First you shall understand, that whensoever you shall draw any of the Oyles of Cinnamon, Cloves, Mace, Nutmegs or such like, that you shall have also a pottle or a gallon more or lesse, according to the quantity which you draw at once, of excellent sweet washing water for your table; yea some doe keepe the same for their broths, wherein otherwise they should use some of the same kinds of spice.
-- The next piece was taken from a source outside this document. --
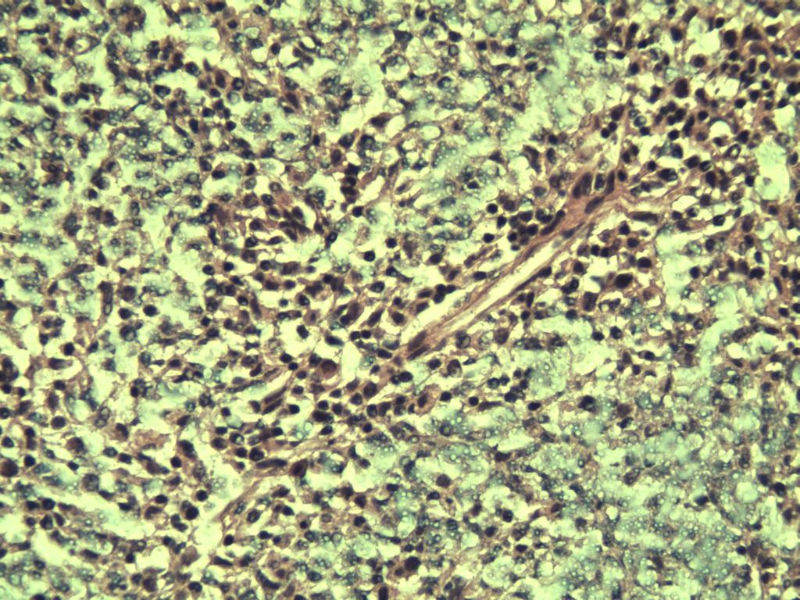 腹股沟 多枚淋巴结活检图14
But if you take three or foure drops only of the oyle of Cloves, Mace, or Nutmegs (for Cinamon oyle is too costly to spend this way) and mingle the same with a pinte of faire water, making agitation of them a pretty while togther in a glasse having a narrow mouth, till they have in some measure incorporated themselves together, you shall find a very pleasing and delightful water to wash with and so you may alwaies furnish yourself of sweet water of severall kinds, before such time as your guests shall be ready to sit downe. I speake not of the oyle of Spike (which will extend very far this way) both because every Gentlewoman doth not like so strong a scent and for that the same is elsewhere already commended by another Author. Yet I must needs acknowledge it to be the cheaper way, for that I assure myself there may be five or six gallons of sweet water made with one ounce of the oyle, which you may buy ordinarily for a groat at the most."
To make water for washing hands at table: Boil sage, then strain the water and cool it until it is a little more than lukewarm. Or use chamomile, marjoram, or rosemary boiled with orange peel. Bay leaves are also good.Also, you might want to make the following 'Sweet Water for Perfuming Clothes' which Jeanne Rose quotes and says is a sixteenth-century recipe:
"To 1 qt. rose water, add the following: 1/2 oz. lavender, 2 oz. orris, 1/2 oz. jasmine flowers, 1 t. musk, a pinch of ambergris and civet, 5 drops of clove oil. Put it all into a glass jar, fasten down the lid, and place it in a sunny window for 10 days. Then strain and set aside the liquid for use."
From Bulleins Bulwarke, 1562: [Sixteenth-Century Sweet Water for Linens, quoted in Rohde, The Scented Garden]
Three pounds of Rose water, cloves, cinnamon, Sauders [sandalwood], 2 handful of the flowers of Lavender, lette it stand a moneth to still in the sonne, well closed in a glasse; Then destill it in Balneo Marial. It is marvellous pleasant in savour, a water of wondrous swetenes, for the bedde, whereby the whole place, shall have a most pleasaunt scent.However, note that alcohol-less versions such as these, and the one of Plat's above, will not keep long without refrigeration; adding the alcohol is the part that makes it keep.